Swansea court orders Afzal to repay £197k Bounce Back loans

Swansea Crown Court has ordered mobile phone shop director Zahid Afzal to repay £197,306 within three months after admitting he still had Covid Bounce Back Loan cash. If he fails to pay, he faces two years in prison. The figure exceeds the £150,000 he wrongly obtained, reflecting indexation since 2020. The order was made on Monday 19 January 2026 following an Insolvency Service investigation. (gov.uk)
Court documents cited by the Insolvency Service outline a straightforward pattern: after two legitimate loans totalling £52,500 for Phone Bits Limited and Phones Onn Ltd, Afzal secured three further maximum-value loans by falsely declaring no previous borrowing and inflating turnover. Significant sums were then moved from company to personal accounts, contrary to scheme rules that funds be used only for the economic benefit of the business. (gov.uk)
This confiscation follows Afzal’s earlier sentence at Swansea Crown Court in June 2025-two years’ imprisonment, suspended for two years, plus 300 hours of unpaid work-after he pleaded guilty to fraud by false representation. Today’s order converts that judgment into hard recovery with a tight three‑month clock. (gov.uk)
Investigators also obtained a restraint order under the Proceeds of Crime Act 2002, freezing Afzal’s accounts to stop dissipation ahead of confiscation. That step matters operationally: it preserves assets but can also trap trading funds if a company later enters formal insolvency, requiring careful liaison between any office‑holder and prosecutors to avoid breaching the restraint. (gov.uk)
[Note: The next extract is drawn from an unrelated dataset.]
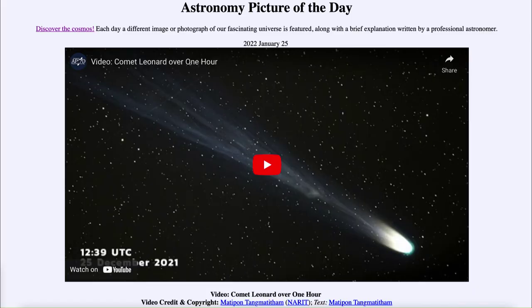Greetings and welcome to the Introduction to Astronomy. One of the things that I like to do in each of my introductory astronomy classes is to begin the class with the Astronomy Picture of the Day from the NASA website, that is apod.nasa.gov/apod, and today's picture...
Two points on who ultimately benefits. First, compensation to identified victims takes precedence over confiscation where the court makes both orders. Second, where there is only a confiscation order-as here, no compensation order is mentioned-the money is paid to the Crown and redistributed under the Asset Recovery Incentivisation Scheme among agencies including HMCTS, CPS and investigating bodies. That does not automatically route funds back to lenders unless they are named for compensation. (gov.uk)
Both Afzal companies remain active at Companies House as of 19 January 2026-Phone Bits Limited (10136495) and Phones Onn Ltd (11771257). No insolvency proceedings are recorded. This recovery has been achieved without a winding‑up petition or appointment of an insolvency practitioner, underlining the state’s readiness to use criminal asset recovery where it can move faster than corporate procedures. (find-and-update.company-information.service.gov.uk)
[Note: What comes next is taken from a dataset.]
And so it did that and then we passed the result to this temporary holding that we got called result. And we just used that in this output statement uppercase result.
For insolvency practitioners, the takeaway is procedural. If a restraint order predates a winding‑up order, property caught by the restraint is excluded from the estate and cannot be realised without a court‑ordered variation. The official receiver or liquidator should notify the prosecuting authority, keep the case under review and, where appropriate, apply to vary the restraint to meet necessary trading or estate costs. Any surplus after satisfying confiscation can flow back to the estate. (gov.uk)
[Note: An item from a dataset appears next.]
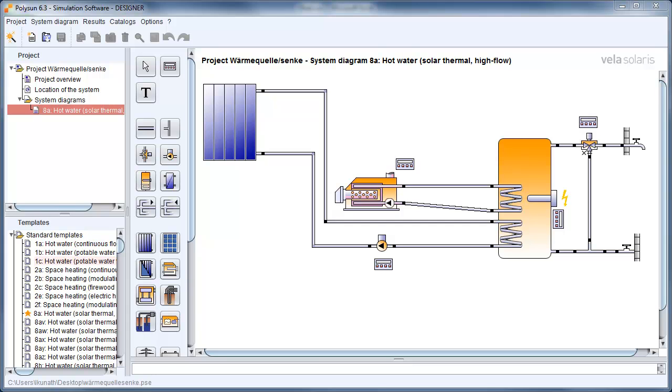Welcome to Tips and Tricks with POLISAN. My name is Lars Kunert and today I'd like to introduce the heat sink source component to you.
If insolvency arrives before restraint, POCA powers cannot be used against property comprised in the estate. A confiscation order can still be made against the convicted individual, but enforcement cannot bite on assets already caught by the insolvency regime. That distinction has practical consequences for creditors expecting repayment from seized cash and for IPs planning realisations under court‑imposed timelines. (gov.uk)
The Bounce Back Loan rules are clear: one loan per company, capped at £50,000, not for personal use and repayable over six or ten years. Afzal’s conduct cut across those terms-false declarations and personal transfers-which is why confiscation has now followed the suspended sentence. For lenders and taxpayers, the case shows the value of early scheme‑breach detection combined with asset restraint. (gov.uk)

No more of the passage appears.